Lasso proposed a series of constitutional changes to enhance his government's ability to respond to rising, largely drug-related crime. In a referendum in February 2023, voters overwhelmingly rejected his proposed changes. This result weakened Lasso's political standing. Meanwhile, Lasso's government faced accusations of corruption. Citing those accusations and claiming that the government had failed to meet its demands from June 2022, CONAIE called on Lasso to resign and declared itself in a state of "permanent mobilization", threatening additional protests.

On 15 October 2023, center-right candidate Daniel Noboa won the run-off of the premature presidential election with 52.3% of the vote against leftist candidate Luisa González. On 23 November 2023, Daniel Noboa was sworn in as Ecuador's new president.

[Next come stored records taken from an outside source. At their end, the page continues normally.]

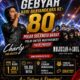 Gebyar HUT Bhayangkara ke-80 Polda Sulbar:Akan dimeriahkan Oleh Penampilan Charly Van Houten 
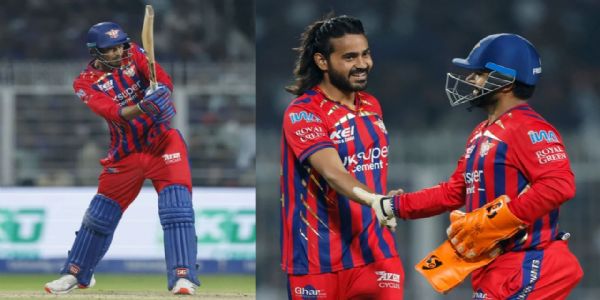 आईपीएल 2026 : मुकुल चौधरी के छक्कों-चौकों ने पलटा मैच, लखनऊ ने कोलकाता से छीनी जीत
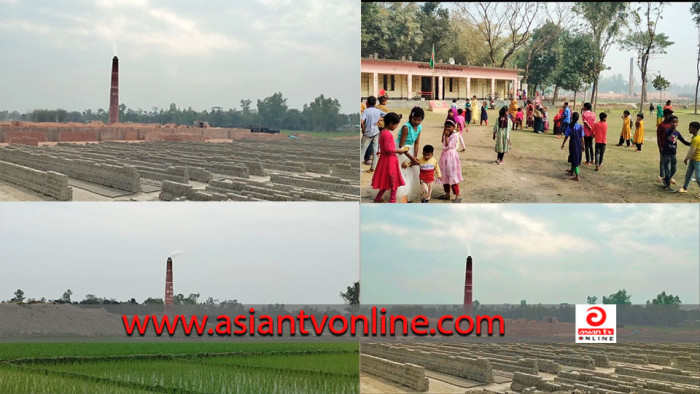 ফুলবাড়ীতে শিক্ষা প্রতিষ্ঠানের পাশেই অবৈধ ইটভাটা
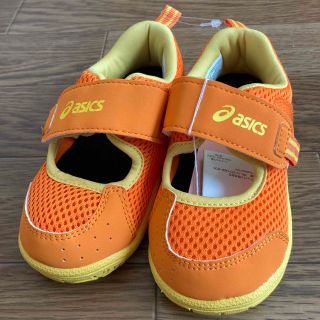 アシックス(asics)の新品未使用　アシックス　14.5cmスニーカー(スニーカー)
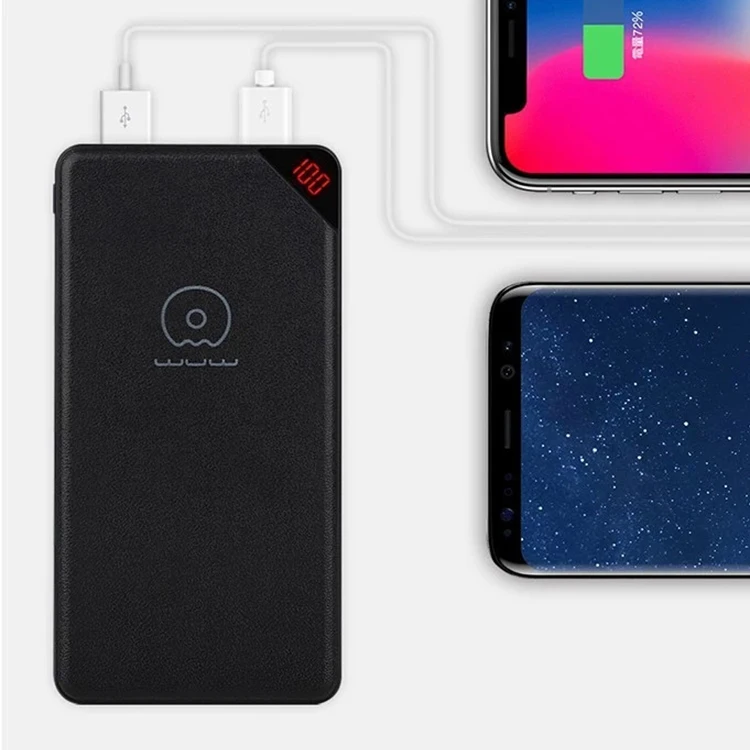 Lcd 20000Mah Super Slim Design Fast Charging Power Bank Portable 2021 With 2 Usb, Black/white
Lcd 20000Mah Super Slim Design Fast Charging Power Bank Portable 2021 With 2 Usb, Black/white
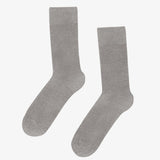 Classic Organic Sock - Heather Grey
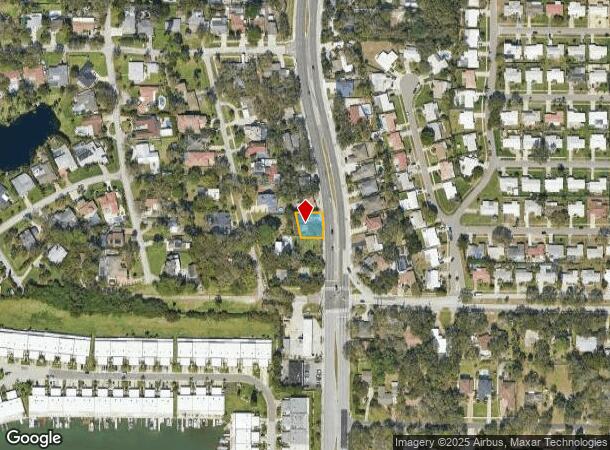  5440 113Th St, Seminole, FL Parcel Map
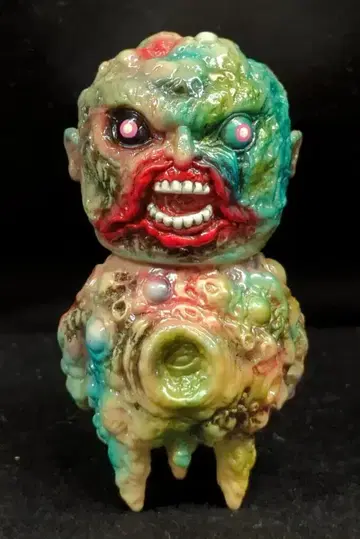 KAIJU TAN MAD MIMI 베이지 성형/메타 그린/빨간색/금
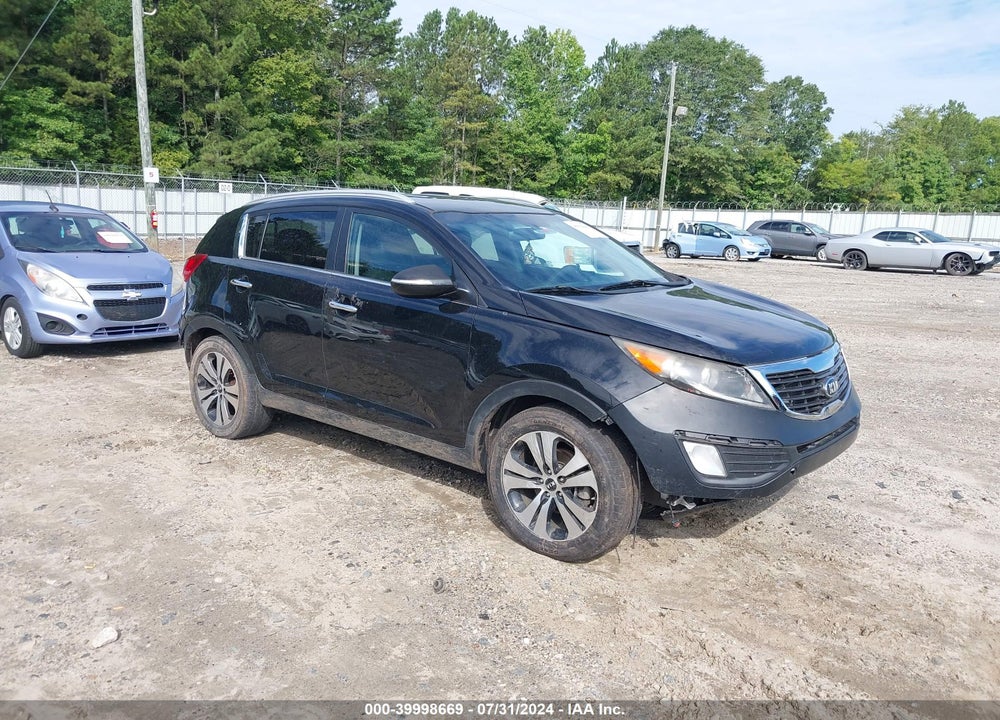 2013 KIA SPORTAGE EX VIN: KNDPC3A21D7423688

In January 2024, an internal conflict in Ecuador broke out. Ecuador's president Daniel Noboa declared an "internal armed conflict" against organised crime, incosequence of an armed attack into a public television channel and the escape of imprisoned leader of Los Choneros cartel, José Adolfo Macías Villamar aka Fito. On 23 March 2024, Ecuador's youngest mayor, 27-year-old Brigitte García, mayor of San Vicente for the opposition The Citizens' Revolution, was shot dead. In April 2025, President Daniel Noboa won the run-off round of Ecuador's presidential election, meaning he will now serve a full four-year term. In June 2025, the powerful Ecuadorean gang leader "Fito" was recaptured and he was extradited to the US to face charges of drug and arms trafficking. In October 2025, five people were arrested following an alleged assassination attempt on President Daniel Noboa. In November 2025, the leader of Los Lobos, one of Ecuador's biggest drug-trafficking gangs, Wilmer "Pipo" Chavarria, was captured in Spain.